───── DATA FOR PROCESSING

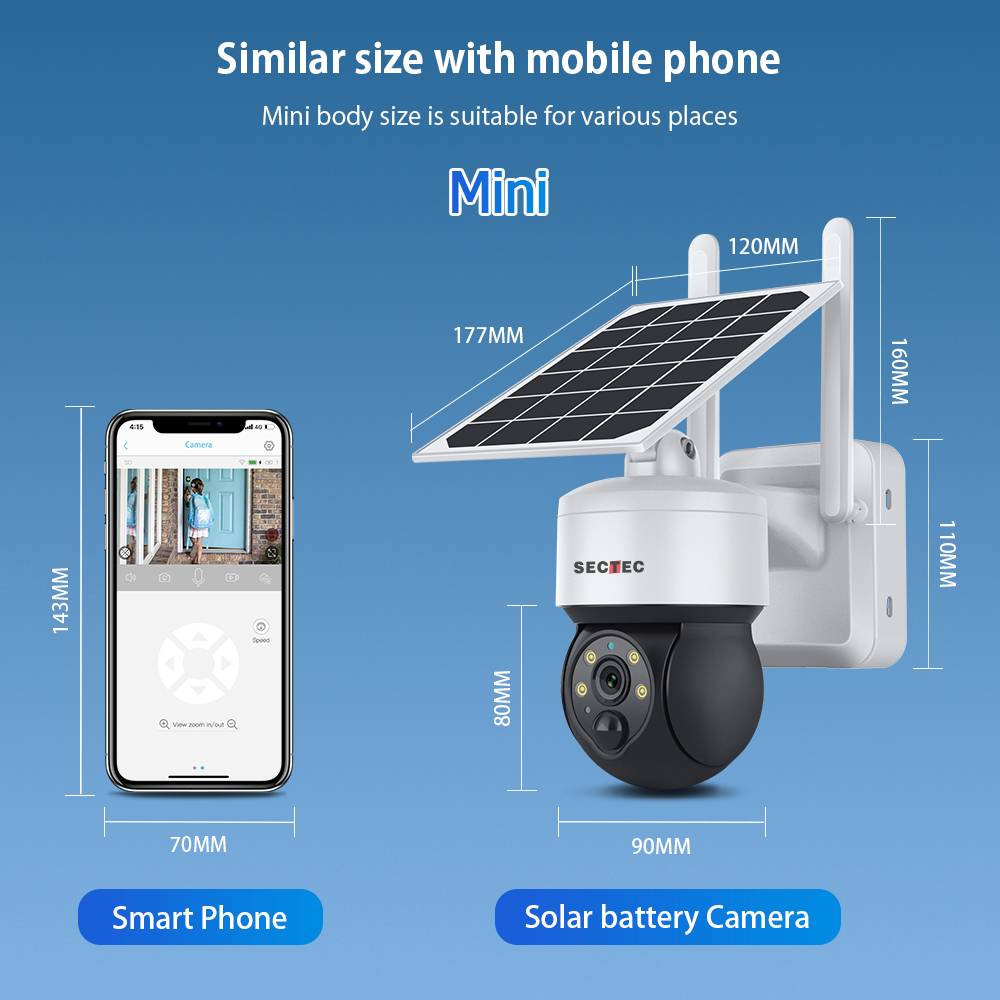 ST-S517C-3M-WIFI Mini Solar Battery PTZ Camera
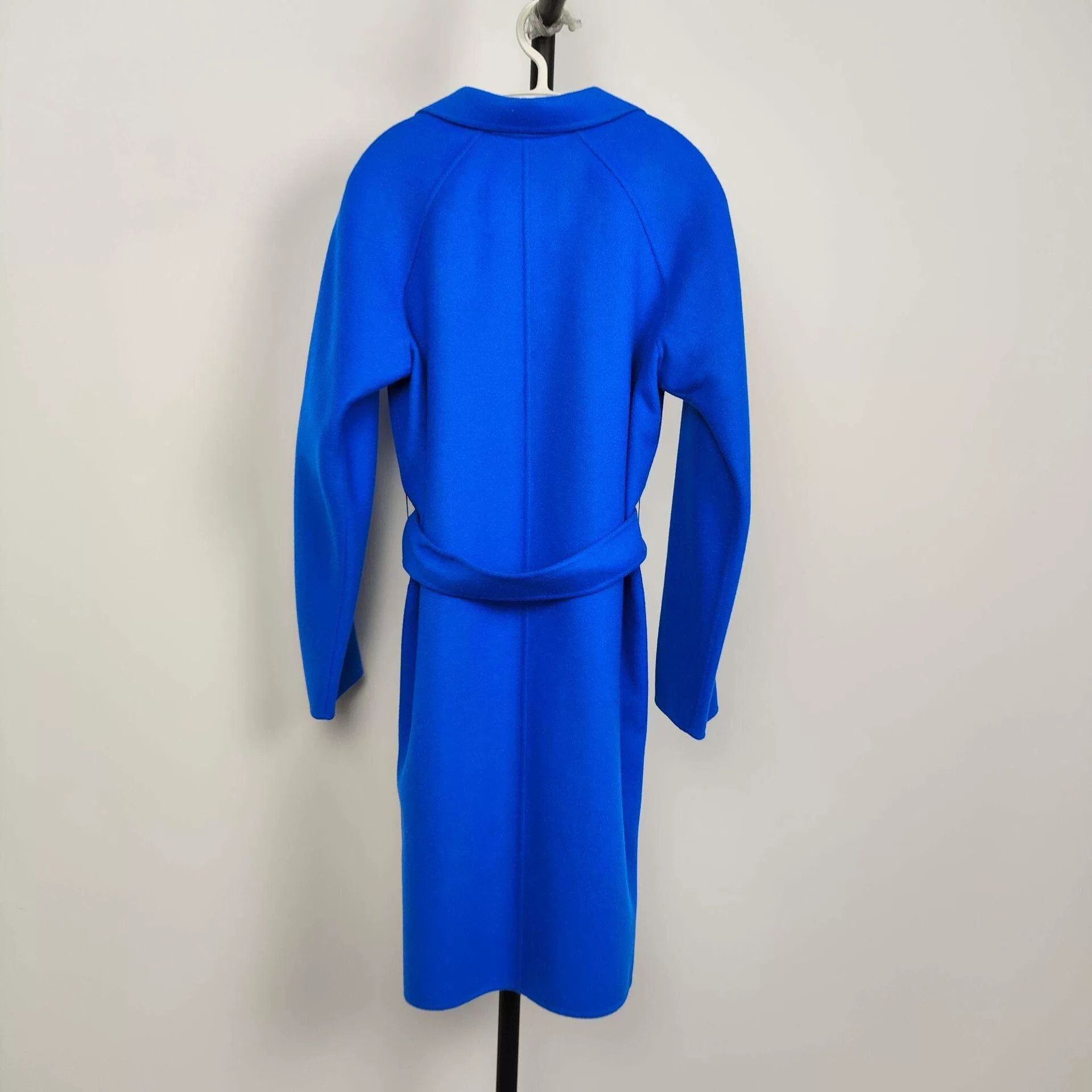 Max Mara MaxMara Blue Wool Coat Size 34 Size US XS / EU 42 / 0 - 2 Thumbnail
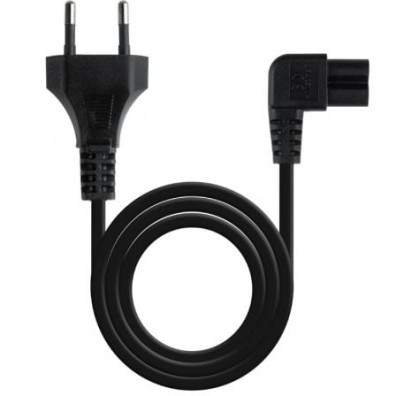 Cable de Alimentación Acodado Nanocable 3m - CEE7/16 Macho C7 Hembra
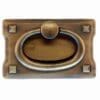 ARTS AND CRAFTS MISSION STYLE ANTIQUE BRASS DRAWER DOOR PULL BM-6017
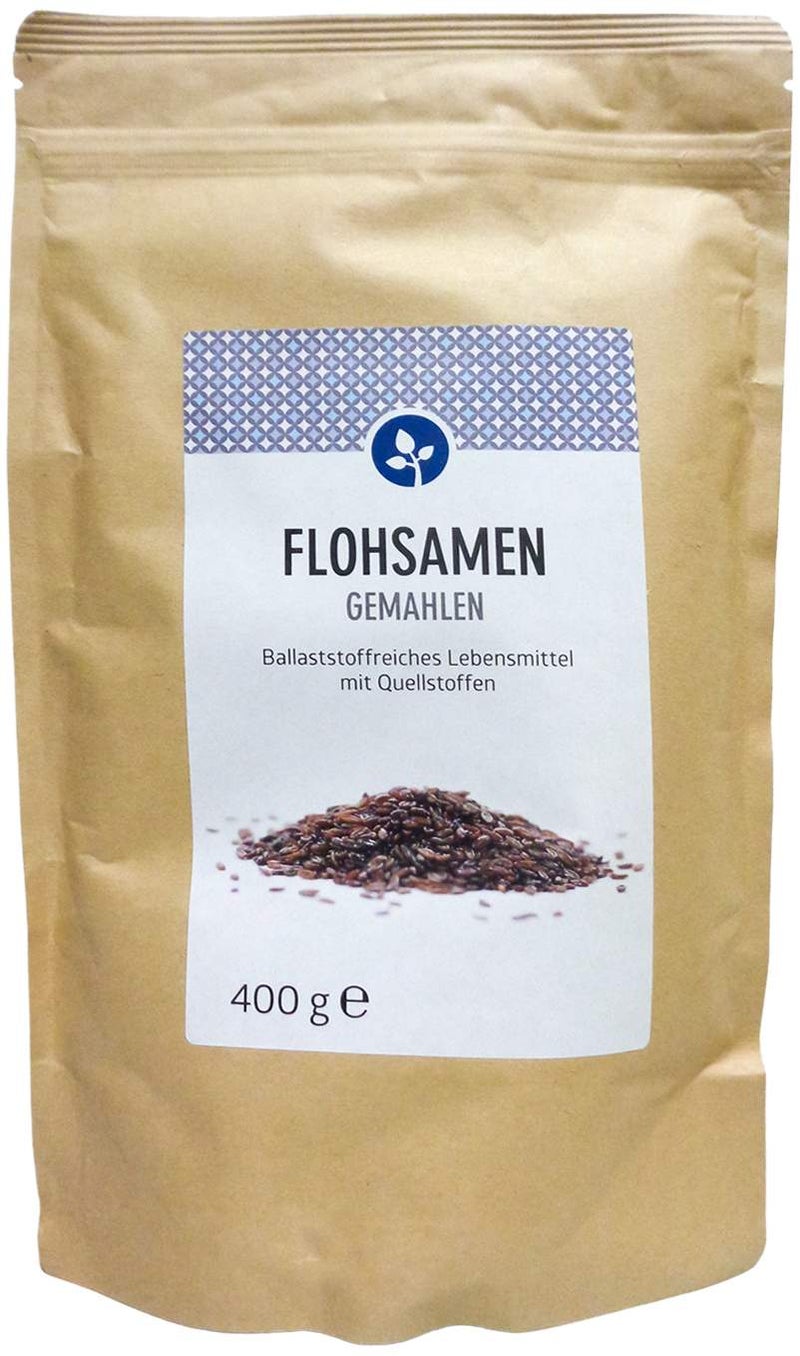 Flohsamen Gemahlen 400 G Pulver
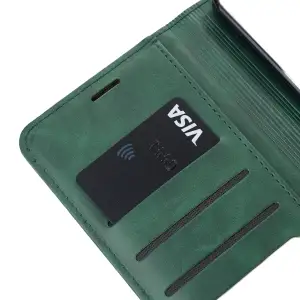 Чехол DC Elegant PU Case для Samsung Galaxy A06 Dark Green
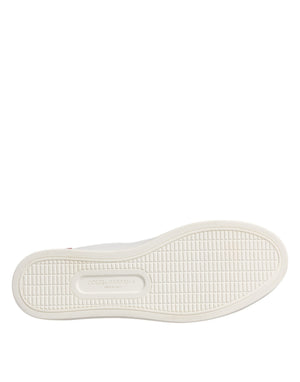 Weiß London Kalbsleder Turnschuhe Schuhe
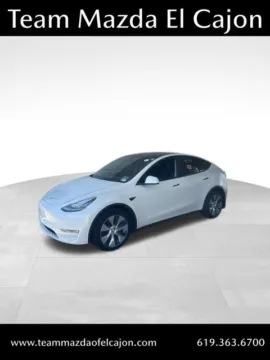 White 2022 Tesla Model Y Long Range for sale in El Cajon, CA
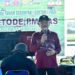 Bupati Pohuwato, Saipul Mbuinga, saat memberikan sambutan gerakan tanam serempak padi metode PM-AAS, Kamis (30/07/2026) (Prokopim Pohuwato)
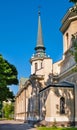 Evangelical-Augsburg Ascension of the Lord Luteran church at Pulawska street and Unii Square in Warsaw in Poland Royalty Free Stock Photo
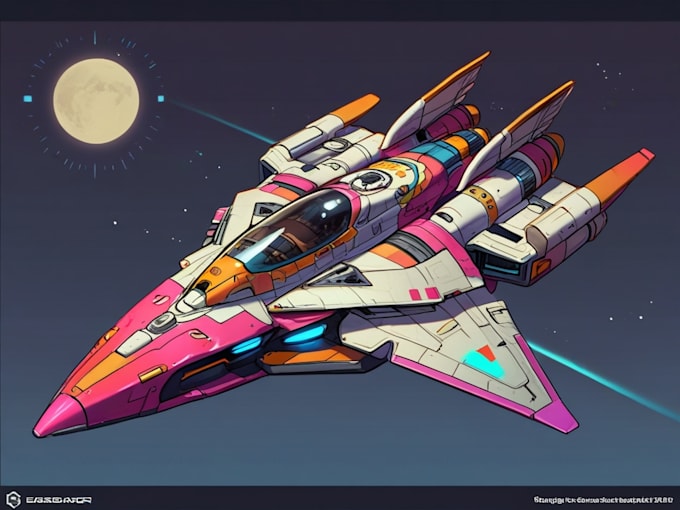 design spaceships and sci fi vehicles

──────────

All records above should be duplicated exactly, with the pictures omitted.

 ST-S517C-3M-WIFI Mini Solar Battery PTZ Camera
 Max Mara MaxMara Blue Wool Coat Size 34 Size US XS / EU 42 / 0 - 2 Thumbnail
 Cable de Alimentación Acodado Nanocable 3m - CEE7/16 Macho C7 Hembra
 ARTS AND CRAFTS MISSION STYLE ANTIQUE BRASS DRAWER DOOR PULL BM-6017
 Flohsamen Gemahlen 400 G Pulver
 Чехол DC Elegant PU Case для Samsung Galaxy A06 Dark Green
 Weiß London Kalbsleder Turnschuhe Schuhe
 White 2022 Tesla Model Y Long Range for sale in El Cajon, CA
 Bupati Pohuwato, Saipul Mbuinga, saat memberikan sambutan gerakan tanam serempak padi metode PM-AAS, Kamis (30/07/2026) (Prokopim Pohuwato)
 Evangelical-Augsburg Ascension of the Lord Luteran church at Pulawska street and Unii Square in Warsaw in Poland Royalty Free Stock Photo
 design spaceships and sci fi vehicles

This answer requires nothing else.